Apple recently asked WeChat and other popular social networking apps in China to disable the popular tipping feature, and now we know why—the Cupertino giant has introduced an officially-sanctioned way for iPhone and iPad users to tip content creators in apps via the standard In-App Purchase mechanism.
Like with other In-App Purchases, tipping content providers is subjected to Apple’s 70:30 revenue sharing scheme, meaning the company will keep 30 percent of any proceeds to itself.
Apps may use in-app purchase currencies to enable customers to “tip” digital content providers in the app. Apps may not include buttons, external links, or other calls to action that direct customers to purchasing mechanisms other than In-App Purchases.
According to the report, developers have the freedom to decide how much of the tips are passed to the content creators themselves (after Apple’s 30 percent cut, of course).
At any rate, Apple was smart to implement this cool new feature.
Tipping content creators like musicians, comedians, e-sports athletes and others is tremendously popular in China.
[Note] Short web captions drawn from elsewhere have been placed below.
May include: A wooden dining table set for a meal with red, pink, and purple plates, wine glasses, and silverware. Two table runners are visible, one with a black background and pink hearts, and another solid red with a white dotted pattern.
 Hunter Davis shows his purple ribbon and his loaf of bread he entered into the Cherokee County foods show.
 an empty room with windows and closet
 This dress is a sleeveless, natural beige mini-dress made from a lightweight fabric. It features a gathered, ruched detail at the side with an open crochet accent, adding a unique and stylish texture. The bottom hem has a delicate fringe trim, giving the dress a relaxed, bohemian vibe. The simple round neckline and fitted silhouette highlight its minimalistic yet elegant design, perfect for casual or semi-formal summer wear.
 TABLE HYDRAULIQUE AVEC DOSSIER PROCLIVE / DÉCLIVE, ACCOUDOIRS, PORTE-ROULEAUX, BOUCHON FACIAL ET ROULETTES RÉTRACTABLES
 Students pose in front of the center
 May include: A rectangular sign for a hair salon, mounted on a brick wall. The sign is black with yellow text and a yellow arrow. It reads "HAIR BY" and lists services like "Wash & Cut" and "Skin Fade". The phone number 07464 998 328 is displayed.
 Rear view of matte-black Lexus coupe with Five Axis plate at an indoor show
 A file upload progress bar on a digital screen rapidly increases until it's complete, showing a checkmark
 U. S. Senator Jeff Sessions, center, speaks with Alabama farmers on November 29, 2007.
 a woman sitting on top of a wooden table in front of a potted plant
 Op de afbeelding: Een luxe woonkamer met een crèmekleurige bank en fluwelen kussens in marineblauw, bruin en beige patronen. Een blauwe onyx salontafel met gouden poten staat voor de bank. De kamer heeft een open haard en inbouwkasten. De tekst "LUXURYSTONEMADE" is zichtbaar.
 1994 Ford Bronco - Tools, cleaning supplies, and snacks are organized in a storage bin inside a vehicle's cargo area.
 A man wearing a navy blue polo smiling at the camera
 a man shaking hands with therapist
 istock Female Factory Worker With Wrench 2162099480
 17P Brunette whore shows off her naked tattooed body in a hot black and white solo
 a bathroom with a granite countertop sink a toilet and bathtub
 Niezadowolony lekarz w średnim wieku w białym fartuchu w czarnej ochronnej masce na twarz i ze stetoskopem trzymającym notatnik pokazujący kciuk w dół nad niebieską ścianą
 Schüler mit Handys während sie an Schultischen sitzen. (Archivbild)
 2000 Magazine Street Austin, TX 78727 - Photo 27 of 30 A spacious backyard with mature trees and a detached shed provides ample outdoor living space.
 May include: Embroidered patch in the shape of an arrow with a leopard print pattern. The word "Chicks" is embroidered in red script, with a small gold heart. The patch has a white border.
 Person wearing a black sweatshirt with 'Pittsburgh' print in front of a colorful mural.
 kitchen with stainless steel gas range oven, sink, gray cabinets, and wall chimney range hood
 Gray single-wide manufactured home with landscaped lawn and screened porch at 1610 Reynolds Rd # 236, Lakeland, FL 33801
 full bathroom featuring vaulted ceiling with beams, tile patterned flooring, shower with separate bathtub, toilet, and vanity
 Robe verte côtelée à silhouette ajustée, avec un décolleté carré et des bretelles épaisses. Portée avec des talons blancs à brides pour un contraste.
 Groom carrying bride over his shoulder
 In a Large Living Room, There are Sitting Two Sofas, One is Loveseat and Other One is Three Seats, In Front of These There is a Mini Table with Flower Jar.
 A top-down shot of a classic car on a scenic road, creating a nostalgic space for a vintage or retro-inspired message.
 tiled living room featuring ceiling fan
The company has lacked a tipping system for iOS apps, meaning it couldn’t get in on the action to process such transactions through its own iTunes billing system.
With tips now being officially supported via the familiar In-App Purchase mechanism, many customers who were previously reluctant to use PayPal or their credit card for tipping their favorite content creators will now be able to do so, directly in the app.
And by taking tipping out of the grey area, as TechCrunch observes, more developers might implement digital tip jars— without fearing repercussions from Apple—as an alternative way to get creators paid without having to offer ad revenue sharing.
In turn, the feature may create a whole new revenue stream for Apple at a time when the company is monetizing its huge user base in an attempt to boost its ever-growing Services revenue.